The fact remains, however, that Dunn shot Davis.  That is not in dispute.  The dispute is over the why.  Dunn’s trial will necessarily hinge on why Dunn shot Davis: on whether Dunn felt threatened, and if there was a reason, or if Dunn simply thought Davis was a thug.  “Stand your ground” allows deadly force when a person “reasonably believes it is necessary to do so to prevent death or great bodily harm to himself or herself.  Although Strolla is providing a zealous defense by attempting to keep inflammatory, prejudicial facts out of the trial, these statements are central issues in determining, as a matter of fact, why Dunn fired so many shots into an SUV of teenagers.  If Dunn felt threatened because he believed the car was full of “thugs,” then the jury needs to know that information so that they can determine whether it was reasonable for Dunn to use deadly force.

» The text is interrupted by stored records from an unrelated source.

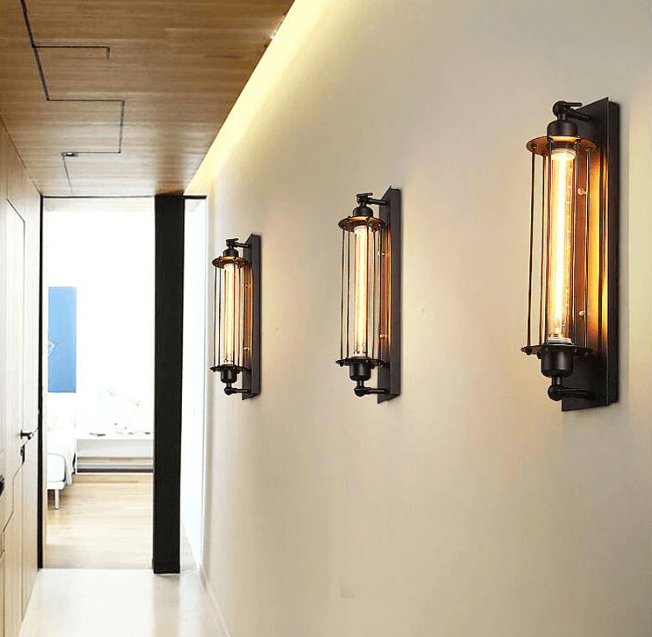 Applique industrielle rétro E27 | Lampe murale classique avec design LED moderne pour la décoration d'intérieur
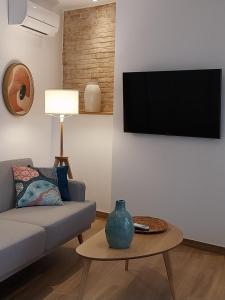 TV a/nebo společenská místnost v ubytování Alojamientos rurales Arbonaida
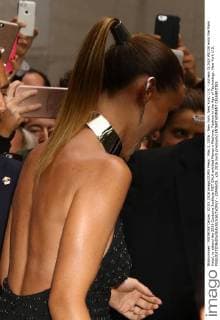 May 2, 2016 - New York, New York, U.S. - Actress OLIVIA WILDE exits the Mark Hotel, to attend the 2016 Costume Institute MET GALA entitled Manus x Machina: Fashion in the Age of Technology. New York U.S. - ZUMAk03_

The rules of evidence exist to try and ensure that trials are fair.  In a case like this, where the mindset of the accused is so central to the issues in the case, it may be difficult to keep the question of race out of the courtroom.  Dunn himself felt the need to tell people that he thought Davis was a thug, by sending a letter to a news station.  In his letter, Dunn claims this case is not about loud music, but about a “local thug” who was threatening him.  As a defense attorney, making pretrial motions and being proactive is the best way to provide a defense to your client.  However, it is also necessary to understand the cultural climate you are working in; for Strolla, this means being aware of the public response to the George Zimmerman trial.  Zimmerman’s “stand your ground” defense worked, because the defense focused on a lack of evidence, and also on the threat perceived by Zimmerman.  Without a second gun, Strolla will need to focus on the threat perceived by Dunn.  That threat is what the jury will need to consider when determining if Dunn acted reasonably.

The same is true for prosecutors.  Corey is a seasoned prosecutor and has already tried a similar high profile "stand your ground" case.  Despite losing the Zimmerman trial, there is still a lot to learn from that case.  If Dunn thought he was threatened only because he thought Davis was a thug, Corey needs to show that Dunn’s belief was unreasonable.  The lack of a second weapon could help her case, or could create reasonable doubt.  As the trial starts, Corey should study her past case, and focus on how to engage the jury in the story, engage them in the evidence, and meet her burden of proof.